The coronavirus can cause heart disease in some patients, even those who had relatively mild symptoms of COVID-19, a new study has found.
The study, published in the journal JAMA Cardiology, examined a group of 100 COVID-19 patients. Some were sick enough to have been hospitalized, and some had a mild enough illness that they were discharged and left to recover at home.
Around 60 per cent of those patients had evidence of myocardial damage – inflammation of the heart muscle, which can be mild, or eventually increase the risk of serious cardiac problems like heart failure.
“This is actually quite scary,” said Dr. Gavin Oudit, a cardiologist at the Mazankowski Alberta Heart Institute and professor at the University of Alberta.
“It’s not the acute, decompensated very sick COVID-19 patients that are in ICU. These are patients that had symptoms but had a resolution of the virus.”
But the study may not be quite as scary as it appears at first glance, according to Dr. Dinesh Thavendiranathan, a cardiologist at the Peter Munk Cardiac Centre in Toronto.
The study compared COVID-19 patients to a control group who had similar pre-existing risk factors for cardiovascular disease, but who didn’t have the virus.
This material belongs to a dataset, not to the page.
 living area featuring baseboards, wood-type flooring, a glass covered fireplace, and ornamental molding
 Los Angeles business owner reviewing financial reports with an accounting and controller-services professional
In that control group, around 40 per cent of patients showed signs of myocardial damage, meaning that the increased burden from COVID-19 wasn’t quite as high as it looks.
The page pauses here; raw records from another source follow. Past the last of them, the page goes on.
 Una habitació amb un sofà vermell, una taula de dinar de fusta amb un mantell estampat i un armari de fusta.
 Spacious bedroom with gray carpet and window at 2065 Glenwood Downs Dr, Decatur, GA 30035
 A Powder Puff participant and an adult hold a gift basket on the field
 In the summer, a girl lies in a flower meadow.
However, he said, cardiovascular disease among COVID-19 patients is definitely a concern.
There have been other studies earlier in the pandemic, mainly from China, that found that around one in five COVID-19 patients admitted to hospital showed signs of heart injury – and those with heart injury tended to get more severe disease outcomes, he said.
“We have known from the beginning that if you were to develop COVID-19, you are likely to develop cardiovascular disease.”
Exactly how likely is still unknown, he said, though he is working on a research project to look at this issue. While the research is still ongoing, he hasn’t seen these kinds of high numbers yet, he said.
The other major question, to him, is how permanent this injury might be and what that means for the patient’s health. If there is inflammation to the heart but it’s gone in six months, then it might not be very consequential, he said. He hopes more studies follow patients long-term to see if the injury persists.
The long-term consequences could be serious, Oudit said, including an increased risk of heart failure down the road, though there are treatments for myocarditis that could lessen this risk.
Many viruses can cause myocarditis, he said. Similar problems were observed in the original SARS pandemic in 2003, he said, and more ordinary parvoviruses are known to cause heart inflammation.
The SARS-CoV-2 virus targets a receptor found throughout the body – including in the heart – he said, so he’s not surprised that it seems to be causing heart damage.
“It’s not a respiratory illness, it’s a systemic illness,” he said.
While the virus might directly cause heart injury in itself, patients who already have cardiovascular conditions could also get worse if they catch the virus, Thavendiranathan said, because of increased stress and inflammation in their bodies.
For both Thavendiranathan and Oudit, this study highlights the need to follow up with COVID-19 patients after their recovery, to check for and treat any lasting issues.
“We’re going to have to be vigilant,” Oudit said. “We’re going to have to monitor COVID-19 patients carefully. And I think once this pandemic subsides, it’s unlikely to go away completely.
“Follow up care for patients with COVID-19 is going to be important, and certainly the cardiovascular care is going to be a big part of that.”